The "Fish" philosophy enlists four basic principles as a way to re-energize any organization, and to create a 'World Famous' experience for the customers. These principles are the following:
- "Choose your attitude" - It's us who decide whether to have a joyful day or a grumpy day at the workplace. It's our attitude which decides whether we make our work-hours a fulfilling and psychologically enriching time, or a banal ritual, which we unwillingly have to do whether we like it or not. Quoting a line from the book, "Life is too precious just to be passing through to retirement". So choose to have a positive enthusiastic and passionate attitude towards work, and see benefits for yourself.

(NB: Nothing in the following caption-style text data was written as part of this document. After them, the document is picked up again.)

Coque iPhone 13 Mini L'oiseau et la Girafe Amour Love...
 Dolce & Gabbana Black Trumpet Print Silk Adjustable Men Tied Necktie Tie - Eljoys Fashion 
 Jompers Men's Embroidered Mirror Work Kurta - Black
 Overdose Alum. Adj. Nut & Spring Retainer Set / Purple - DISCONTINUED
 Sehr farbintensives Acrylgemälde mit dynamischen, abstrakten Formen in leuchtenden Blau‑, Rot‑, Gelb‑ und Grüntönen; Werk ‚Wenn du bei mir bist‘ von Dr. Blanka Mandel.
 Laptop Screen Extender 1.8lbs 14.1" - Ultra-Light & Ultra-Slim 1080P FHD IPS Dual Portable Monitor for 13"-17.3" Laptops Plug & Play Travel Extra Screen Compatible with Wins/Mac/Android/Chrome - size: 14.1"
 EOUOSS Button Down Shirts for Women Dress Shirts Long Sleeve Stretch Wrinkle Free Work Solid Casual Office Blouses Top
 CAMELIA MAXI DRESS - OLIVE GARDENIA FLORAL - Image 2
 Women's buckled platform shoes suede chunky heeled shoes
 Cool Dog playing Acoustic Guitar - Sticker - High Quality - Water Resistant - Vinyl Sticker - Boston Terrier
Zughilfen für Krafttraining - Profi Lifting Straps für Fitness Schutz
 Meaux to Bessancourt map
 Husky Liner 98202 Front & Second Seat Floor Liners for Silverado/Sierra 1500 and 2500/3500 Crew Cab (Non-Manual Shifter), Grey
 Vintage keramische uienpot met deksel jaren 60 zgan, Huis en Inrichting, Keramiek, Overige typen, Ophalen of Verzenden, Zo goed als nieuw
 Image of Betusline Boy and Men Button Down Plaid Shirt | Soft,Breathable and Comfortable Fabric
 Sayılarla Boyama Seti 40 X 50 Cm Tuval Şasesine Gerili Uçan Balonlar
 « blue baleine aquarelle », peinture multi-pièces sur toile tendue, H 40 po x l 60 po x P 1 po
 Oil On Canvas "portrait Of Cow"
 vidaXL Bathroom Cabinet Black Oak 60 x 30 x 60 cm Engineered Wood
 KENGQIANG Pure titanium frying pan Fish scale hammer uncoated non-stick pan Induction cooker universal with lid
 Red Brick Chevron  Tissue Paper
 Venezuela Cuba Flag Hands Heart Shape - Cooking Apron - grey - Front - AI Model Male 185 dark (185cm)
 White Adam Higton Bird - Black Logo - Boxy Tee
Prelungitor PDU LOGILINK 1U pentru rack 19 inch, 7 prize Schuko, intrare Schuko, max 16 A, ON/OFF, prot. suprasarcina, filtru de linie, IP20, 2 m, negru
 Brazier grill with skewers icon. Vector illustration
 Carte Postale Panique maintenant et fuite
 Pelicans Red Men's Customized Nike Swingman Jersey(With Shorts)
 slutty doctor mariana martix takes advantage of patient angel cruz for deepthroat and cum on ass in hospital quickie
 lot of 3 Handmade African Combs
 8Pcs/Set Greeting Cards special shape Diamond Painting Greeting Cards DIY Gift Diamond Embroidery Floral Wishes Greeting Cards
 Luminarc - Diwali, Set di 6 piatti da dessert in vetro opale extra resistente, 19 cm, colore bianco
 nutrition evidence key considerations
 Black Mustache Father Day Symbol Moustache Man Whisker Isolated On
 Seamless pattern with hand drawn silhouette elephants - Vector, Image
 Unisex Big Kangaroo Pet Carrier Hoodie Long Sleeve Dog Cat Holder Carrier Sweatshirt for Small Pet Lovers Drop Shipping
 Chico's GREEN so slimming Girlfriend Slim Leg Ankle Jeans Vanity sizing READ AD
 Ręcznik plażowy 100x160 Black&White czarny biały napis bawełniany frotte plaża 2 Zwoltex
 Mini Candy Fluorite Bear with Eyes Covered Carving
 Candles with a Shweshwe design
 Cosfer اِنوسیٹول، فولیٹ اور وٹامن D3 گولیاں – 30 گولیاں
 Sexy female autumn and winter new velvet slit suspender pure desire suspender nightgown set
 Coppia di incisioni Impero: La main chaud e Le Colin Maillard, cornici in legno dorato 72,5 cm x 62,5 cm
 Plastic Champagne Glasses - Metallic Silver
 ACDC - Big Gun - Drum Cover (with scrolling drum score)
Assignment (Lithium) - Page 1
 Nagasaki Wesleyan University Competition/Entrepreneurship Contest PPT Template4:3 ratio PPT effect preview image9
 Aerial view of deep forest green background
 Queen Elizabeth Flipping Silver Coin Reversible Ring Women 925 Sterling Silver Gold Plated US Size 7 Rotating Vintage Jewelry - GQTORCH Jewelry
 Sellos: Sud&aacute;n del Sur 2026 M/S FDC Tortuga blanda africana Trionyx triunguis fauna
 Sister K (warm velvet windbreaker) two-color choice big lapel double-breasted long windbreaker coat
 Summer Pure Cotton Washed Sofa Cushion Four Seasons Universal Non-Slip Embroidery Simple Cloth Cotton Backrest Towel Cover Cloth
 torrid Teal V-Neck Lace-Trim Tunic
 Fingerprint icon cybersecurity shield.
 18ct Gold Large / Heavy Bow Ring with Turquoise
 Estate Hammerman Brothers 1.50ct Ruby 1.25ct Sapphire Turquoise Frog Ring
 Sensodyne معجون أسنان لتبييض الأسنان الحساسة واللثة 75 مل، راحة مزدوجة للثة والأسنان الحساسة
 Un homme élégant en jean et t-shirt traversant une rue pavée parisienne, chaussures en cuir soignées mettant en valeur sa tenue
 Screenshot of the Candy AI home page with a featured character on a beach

- "Play" - It might sound amusing and childish to people to suggest the application of this principle to the austere corporate environment. However, for contentment, it is essential to play, to add more energy and zing to our everyday lives, as the play is directly proportional to how much we enjoy ourselves, how much we enjoy our work.
- "Make their day" - where 'their' refers to our customers. We should engage customers and welcome them cordially. Involving others and working to "make their day" directs attention towards the customer. Focusing our attention on ways to make the other person's day provides a constant flow of energy, and makes the otherwise dull work a joyful experience. Thus, we can give them reasons to smile and experiences which they will love to reminisce and cherish for long time afterward.
- "Be present" - We should be fully present for our work, giving it complete undivided attention. We should be present for each other and for our customers. Even if we are done with the work assigned directly to us, we should seek out opportunities to get more involved in the work. For example, there is always a customer waiting to get his grievances attended to. We can help if, if not directly, then by directing him to those who can help.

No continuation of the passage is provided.